*** Task input ***

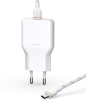 Väggladdare Unisynk USB-C Slim G3 36W GaN, 1xUSB-C, inkl. 2m USB-C-kabel - Vit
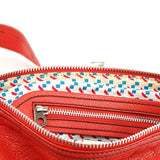 Red Leather Multi-Pocket Crossbody Bag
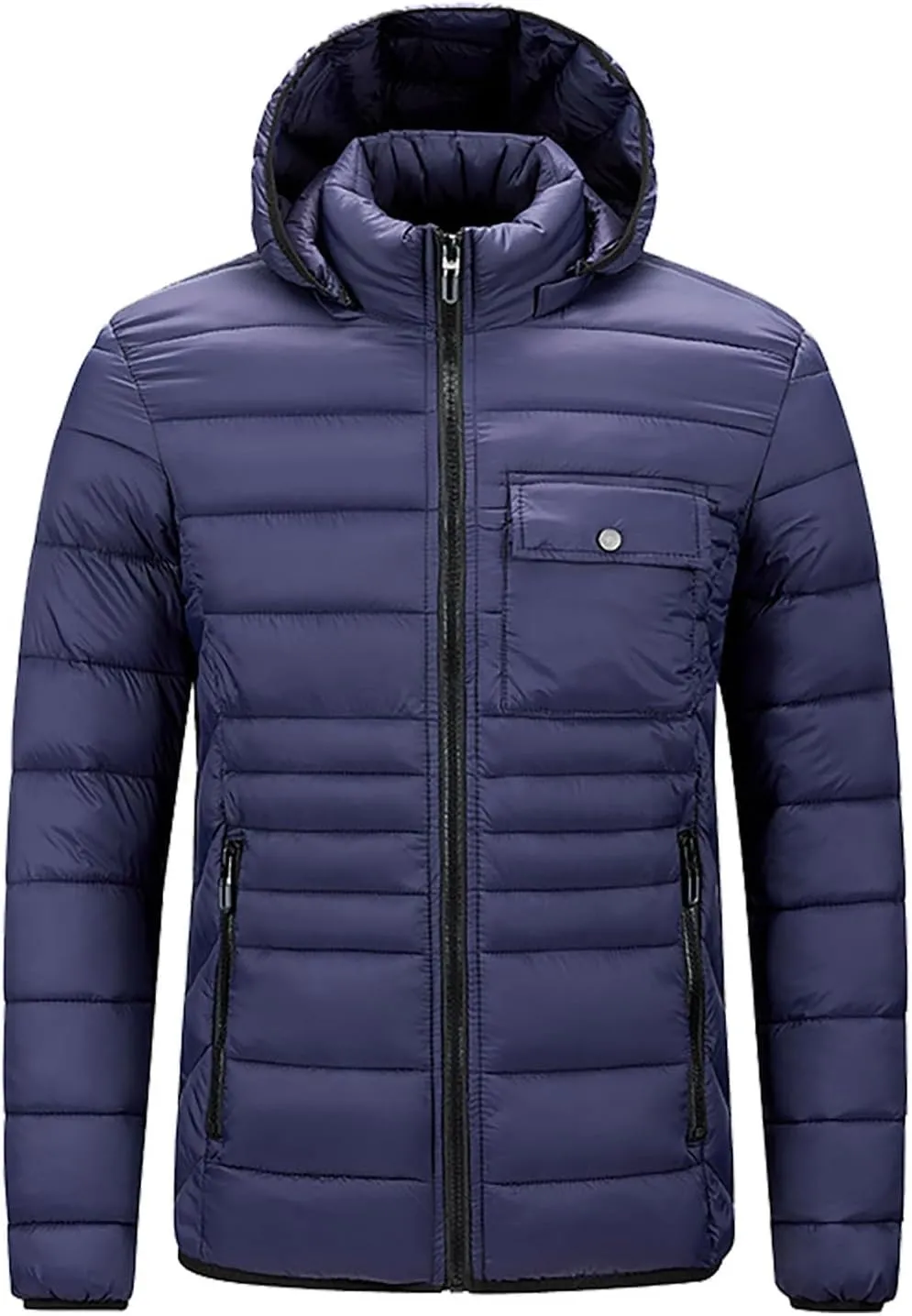 Mens Puffer Jackets Winter Hooded Coats Thicken Warm Overcoats Quilted Down Jacket Zipper Parka Coat Trendy Outerwear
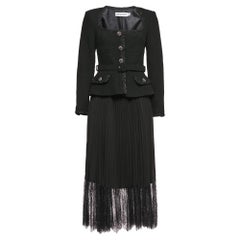 Self-Portrait Vestido midi de tweed y gasa negro con cuerpo a medida M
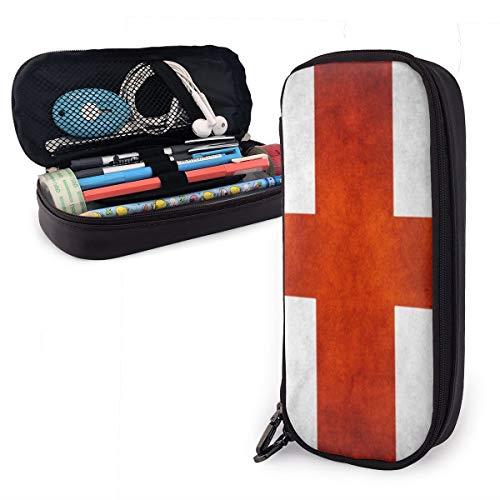 Leather Pencil Case St Georges Cross England Flag Pen Case Large Capacity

*** End of Task input ***

Your objective. The entries are to be transcribed in full. Their pictures are not.

Response below.
 Väggladdare Unisynk USB-C Slim G3 36W GaN, 1xUSB-C, inkl. 2m USB-C-kabel - Vit
 Red Leather Multi-Pocket Crossbody Bag
 Mens Puffer Jackets Winter Hooded Coats Thicken Warm Overcoats Quilted Down Jacket Zipper Parka Coat Trendy Outerwear
 Self-Portrait Vestido midi de tweed y gasa negro con cuerpo a medida M
 Leather Pencil Case St Georges Cross England Flag Pen Case Large Capacity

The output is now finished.